I have always wanted some large glowing fiberglass pumpkins and here was a good test candidate. Next I want to fiberglass a giant one from the local pumpkin festival. They toss them in the dumpster with a forklift the day after!

Here it is in our pumpkin patch with the guts and seeds now planted.


















It's very light.


----------



## RookieSpooker (Jul 23, 2007)

So did you find a fiberglass pumkin, or find a real one and glass it yourself?
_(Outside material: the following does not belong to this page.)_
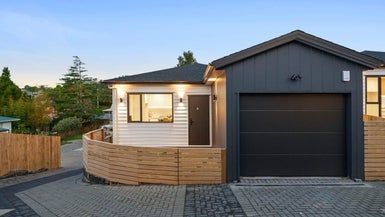  at 1/25 Hutchinson Avenue, New Lynn, Auckland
By the way, great props on your site. And I love the pics with the confused black cat.


----------



## Spider Rider (Nov 8, 2006)

I found a real one a week ago! and fiberglassed it myself. It was easier to do than I thought it would be. The stem is stuck in the fiberglass but the rest of the pumpkin came out easy after I split open the shell and then reglassed it closed.


----------



## Lilly (Jun 13, 2006)

ok how do you fiberglass a pumpkin?
materials needed etc..


----------



## Spider Rider (Nov 8, 2006)

I didn't take any pictures but I will post some simple directions in the how-to 
section.


----------



## Sickie Ickie (Jun 20, 2006)

I'm looking forward to it. Especially what kind of fiberglass cloth you used and how many layers.


----------



## RookieSpooker (Jul 23, 2007)

DITTO!! I would love to have a yard full of pumpkins without havin to carve them every year or pay 10 bucks apiece for foam ones.


----------



## Revenant (Mar 17, 2007)

Better stake those suckers down lol a good wind would set 'em to rollin'


----------



## Spider Rider (Nov 8, 2006)

Ok, now you got me thinking about skeletons bowling with pumpkins. If I only had the skills.


----------



## Ghostess (Aug 21, 2005)

Very cool


----------